Kalispell has grown tremendously in the past 15 years, and the valley is full of commuters. By the time we hit Hwy 93, the traffic is heavy. Between 2000 and 2010, Kalispell’s population grew by 40 percent. It is expected to hit 25,000 residents next year. The county is the second-fasting growing in the state. There are heaps of people heading into town today from the south. The MT bike map, which dates from 2004, has a traffic count of 8600 cars/530 trucks per day along this section of Hwy 82. This increases to 14,990/740 on Hwy 93. So I can only imagine how much greater those numbers are today than when the bike map was published (time to update MT DOT!).

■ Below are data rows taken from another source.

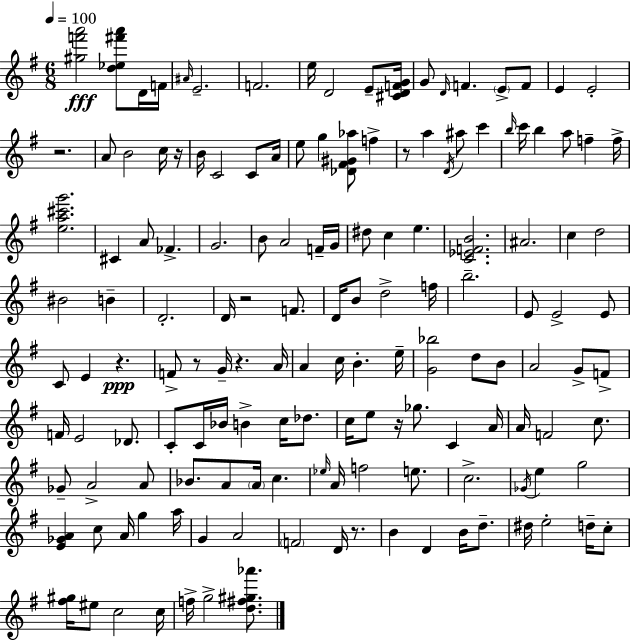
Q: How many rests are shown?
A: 9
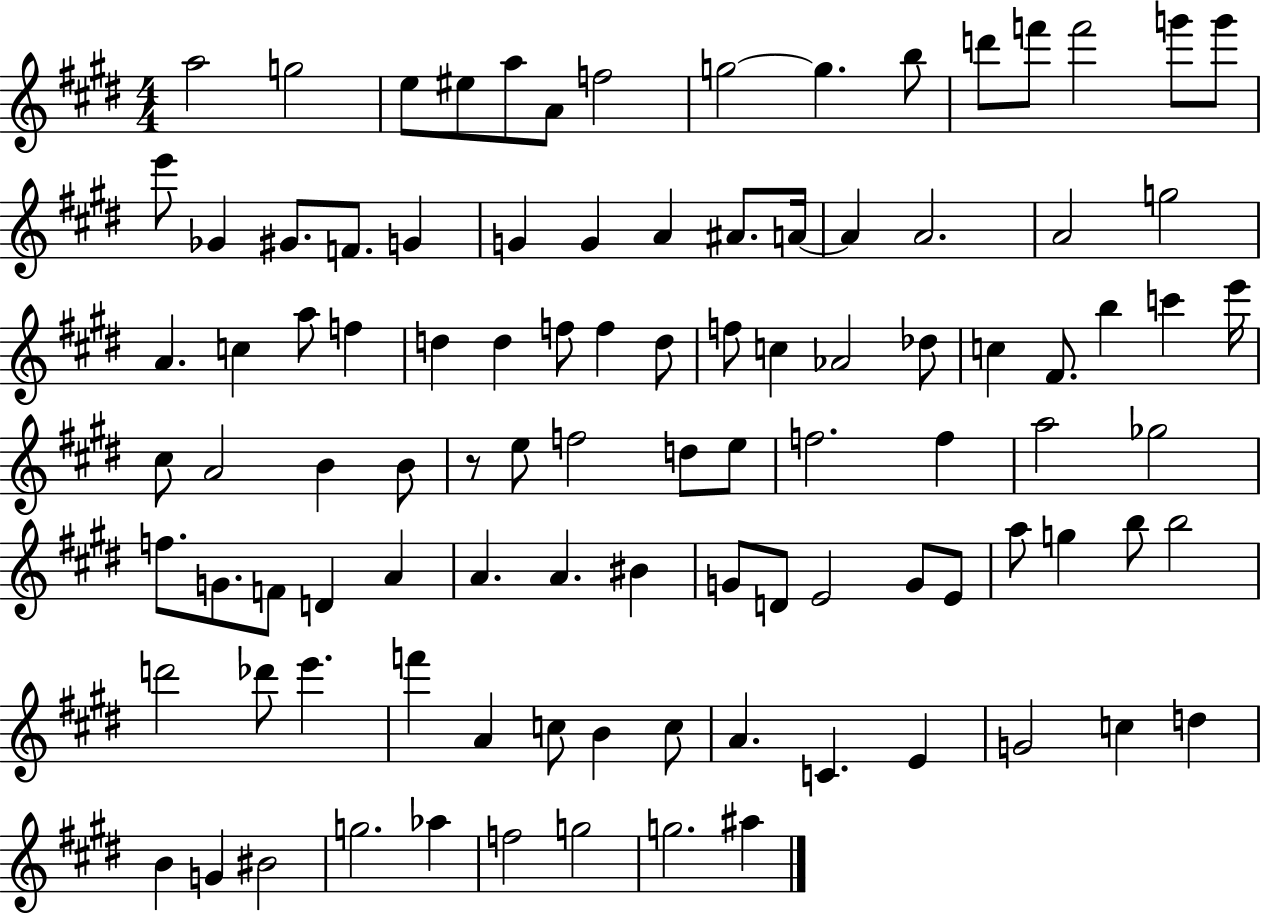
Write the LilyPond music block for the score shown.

{
  \clef treble
  \numericTimeSignature
  \time 4/4
  \key e \major
  a''2 g''2 | e''8 eis''8 a''8 a'8 f''2 | g''2~~ g''4. b''8 | d'''8 f'''8 f'''2 g'''8 g'''8 | \break e'''8 ges'4 gis'8. f'8. g'4 | g'4 g'4 a'4 ais'8. a'16~~ | a'4 a'2. | a'2 g''2 | \break a'4. c''4 a''8 f''4 | d''4 d''4 f''8 f''4 d''8 | f''8 c''4 aes'2 des''8 | c''4 fis'8. b''4 c'''4 e'''16 | \break cis''8 a'2 b'4 b'8 | r8 e''8 f''2 d''8 e''8 | f''2. f''4 | a''2 ges''2 | \break f''8. g'8. f'8 d'4 a'4 | a'4. a'4. bis'4 | g'8 d'8 e'2 g'8 e'8 | a''8 g''4 b''8 b''2 | \break d'''2 des'''8 e'''4. | f'''4 a'4 c''8 b'4 c''8 | a'4. c'4. e'4 | g'2 c''4 d''4 | \break b'4 g'4 bis'2 | g''2. aes''4 | f''2 g''2 | g''2. ais''4 | \break \bar "|."
}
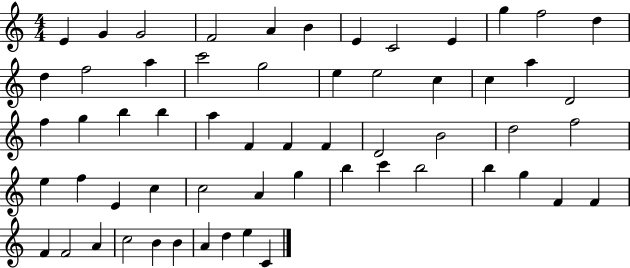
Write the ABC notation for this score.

X:1
T:Untitled
M:4/4
L:1/4
K:C
E G G2 F2 A B E C2 E g f2 d d f2 a c'2 g2 e e2 c c a D2 f g b b a F F F D2 B2 d2 f2 e f E c c2 A g b c' b2 b g F F F F2 A c2 B B A d e C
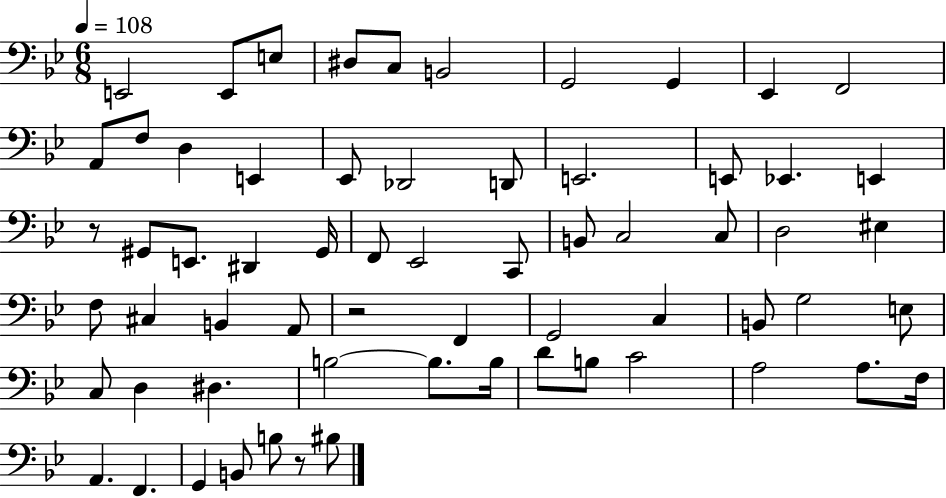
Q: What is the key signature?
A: BES major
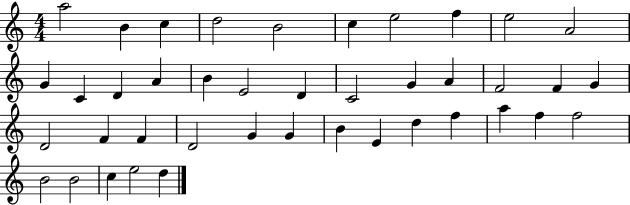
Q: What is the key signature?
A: C major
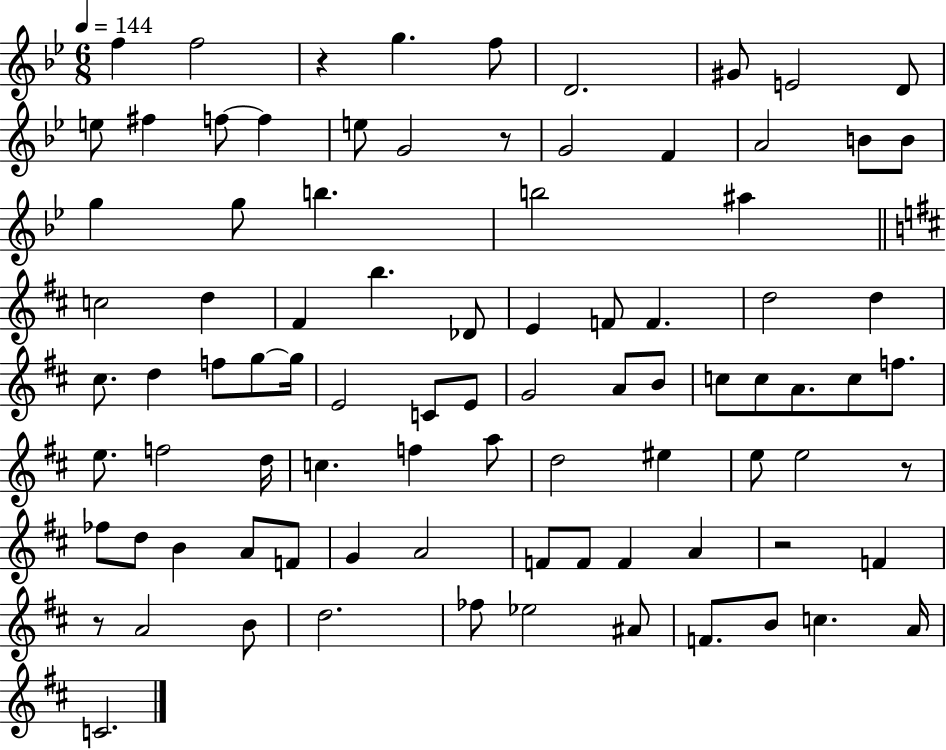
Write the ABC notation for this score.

X:1
T:Untitled
M:6/8
L:1/4
K:Bb
f f2 z g f/2 D2 ^G/2 E2 D/2 e/2 ^f f/2 f e/2 G2 z/2 G2 F A2 B/2 B/2 g g/2 b b2 ^a c2 d ^F b _D/2 E F/2 F d2 d ^c/2 d f/2 g/2 g/4 E2 C/2 E/2 G2 A/2 B/2 c/2 c/2 A/2 c/2 f/2 e/2 f2 d/4 c f a/2 d2 ^e e/2 e2 z/2 _f/2 d/2 B A/2 F/2 G A2 F/2 F/2 F A z2 F z/2 A2 B/2 d2 _f/2 _e2 ^A/2 F/2 B/2 c A/4 C2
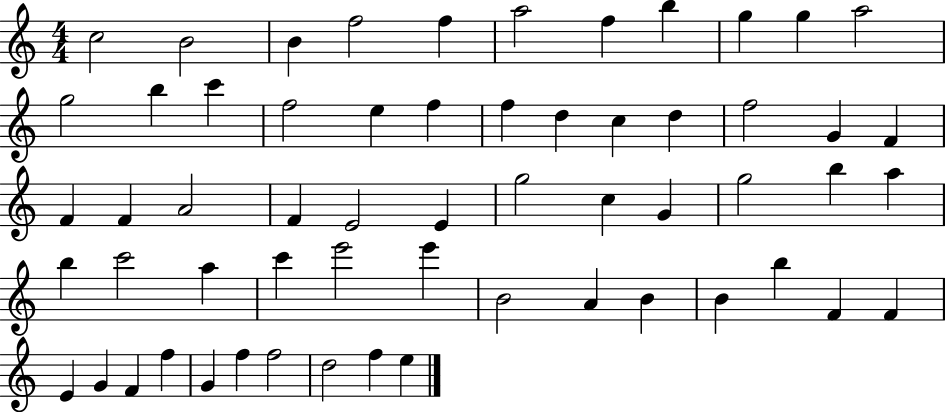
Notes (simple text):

C5/h B4/h B4/q F5/h F5/q A5/h F5/q B5/q G5/q G5/q A5/h G5/h B5/q C6/q F5/h E5/q F5/q F5/q D5/q C5/q D5/q F5/h G4/q F4/q F4/q F4/q A4/h F4/q E4/h E4/q G5/h C5/q G4/q G5/h B5/q A5/q B5/q C6/h A5/q C6/q E6/h E6/q B4/h A4/q B4/q B4/q B5/q F4/q F4/q E4/q G4/q F4/q F5/q G4/q F5/q F5/h D5/h F5/q E5/q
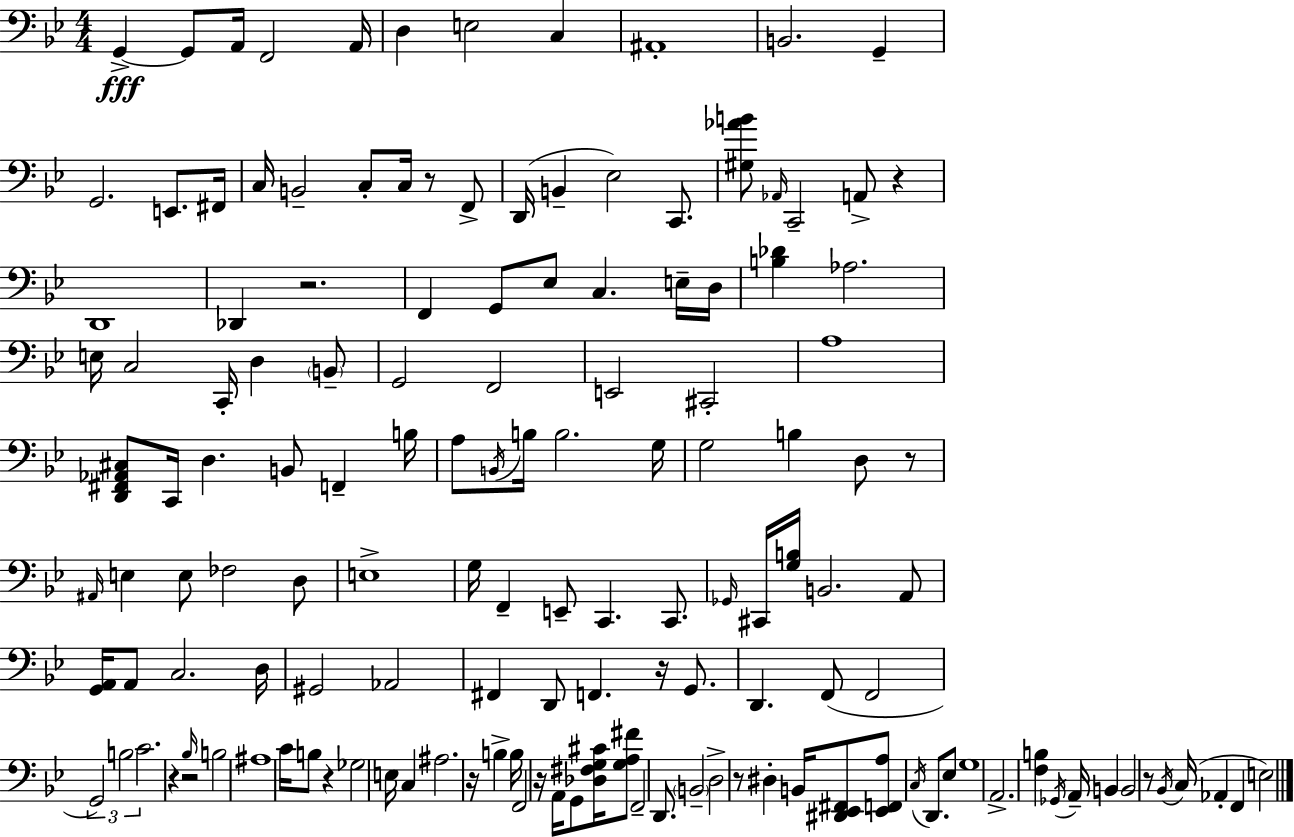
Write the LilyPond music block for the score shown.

{
  \clef bass
  \numericTimeSignature
  \time 4/4
  \key g \minor
  g,4->~~\fff g,8 a,16 f,2 a,16 | d4 e2 c4 | ais,1-. | b,2. g,4-- | \break g,2. e,8. fis,16 | c16 b,2-- c8-. c16 r8 f,8-> | d,16( b,4-- ees2) c,8. | <gis aes' b'>8 \grace { aes,16 } c,2-- a,8-> r4 | \break d,1 | des,4 r2. | f,4 g,8 ees8 c4. e16-- | d16 <b des'>4 aes2. | \break e16 c2 c,16-. d4 \parenthesize b,8-- | g,2 f,2 | e,2 cis,2-. | a1 | \break <d, fis, aes, cis>8 c,16 d4. b,8 f,4-- | b16 a8 \acciaccatura { b,16 } b16 b2. | g16 g2 b4 d8 | r8 \grace { ais,16 } e4 e8 fes2 | \break d8 e1-> | g16 f,4-- e,8-- c,4. | c,8. \grace { ges,16 } cis,16 <g b>16 b,2. | a,8 <g, a,>16 a,8 c2. | \break d16 gis,2 aes,2 | fis,4 d,8 f,4. | r16 g,8. d,4. f,8( f,2 | \tuplet 3/2 { g,2) b2 | \break c'2. } | r4 r2 \grace { bes16 } b2 | ais1 | c'16 b8 r4 ges2 | \break e16 c4 ais2. | r16 b4-> b16 f,2 | r16 a,16 g,8 <des fis g cis'>16 <g a fis'>8 f,2-- | d,8. \parenthesize b,2-- d2-> | \break r8 dis4-. b,16 <dis, ees, fis,>8 <ees, f, a>8 | \acciaccatura { c16 } d,8. ees8 g1 | a,2.-> | <f b>4 \acciaccatura { ges,16 } a,16-- b,4 b,2 | \break r8 \acciaccatura { bes,16 }( c16 aes,4-. f,4 | e2) \bar "|."
}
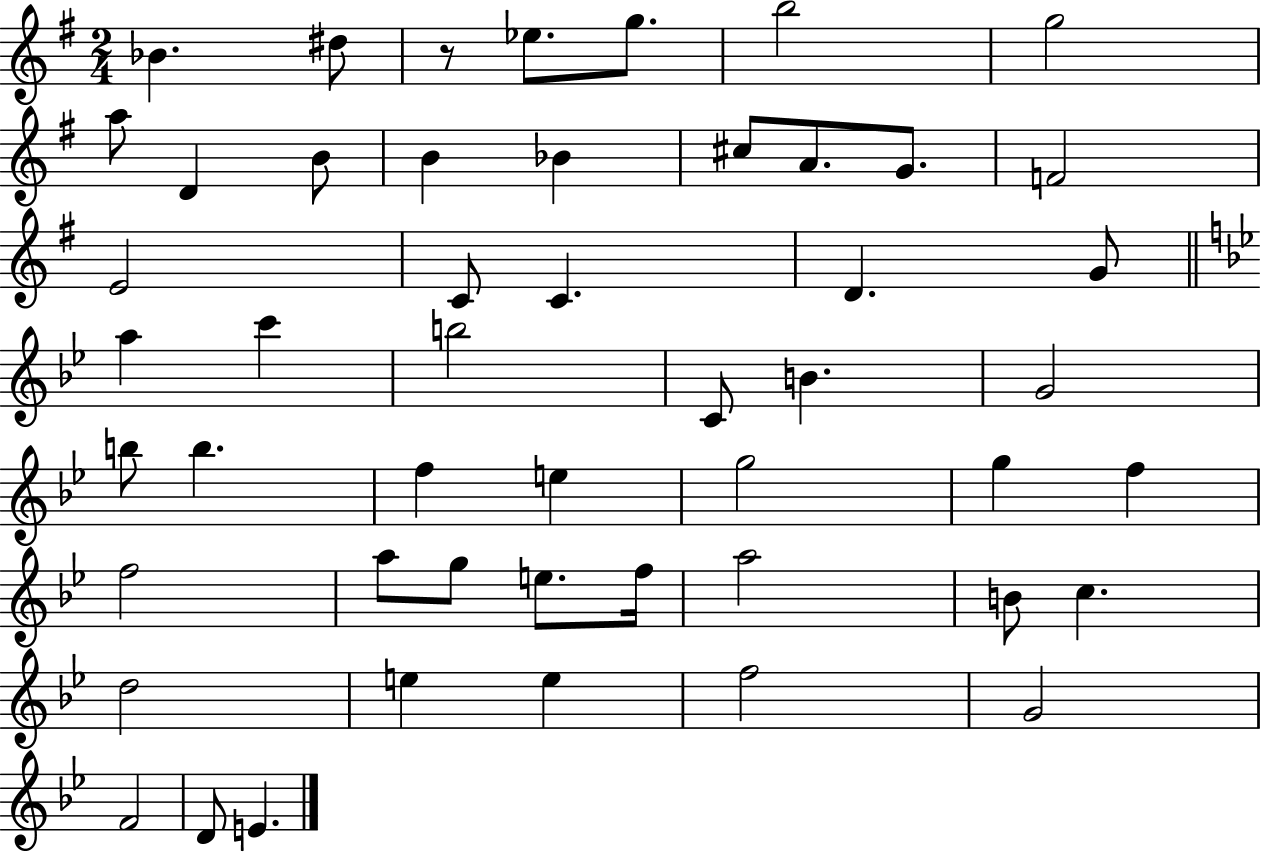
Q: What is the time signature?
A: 2/4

The bike path into town parallels Hwy 93 for quite a few miles through various sorts of industrial buildings. I imagine that, from above, the industries strung along the highway would look like scattered outliers populating a line drawn on a scatterplot. Near the airport, the bike path dives under the road along a creek then curves through the western reaches of the valley plains. This whole area was bulldozed by continental glaciers grumbling down the Rocky Mountain Trench, so the wide, flat expanses look more eastern than western Montana. The only reminders of geographic location are the low mountains of the Salish Range at the edge of the plains to the west and the high peaks of the Swan Range to the east. Both ranges are bathed in grey clouds and a smoky haze today.

We’ve been fighting a pretty substantial headwind since we turned north, and it is a nice respite when we hit some protection from the wind in the form of a sound barrier and the new, big, boxy houses on tiny lots off to the right. I head into town at the northern end of this suburb on a road that not long ago would have been a country lane. This road dumps you into older bits of downtown.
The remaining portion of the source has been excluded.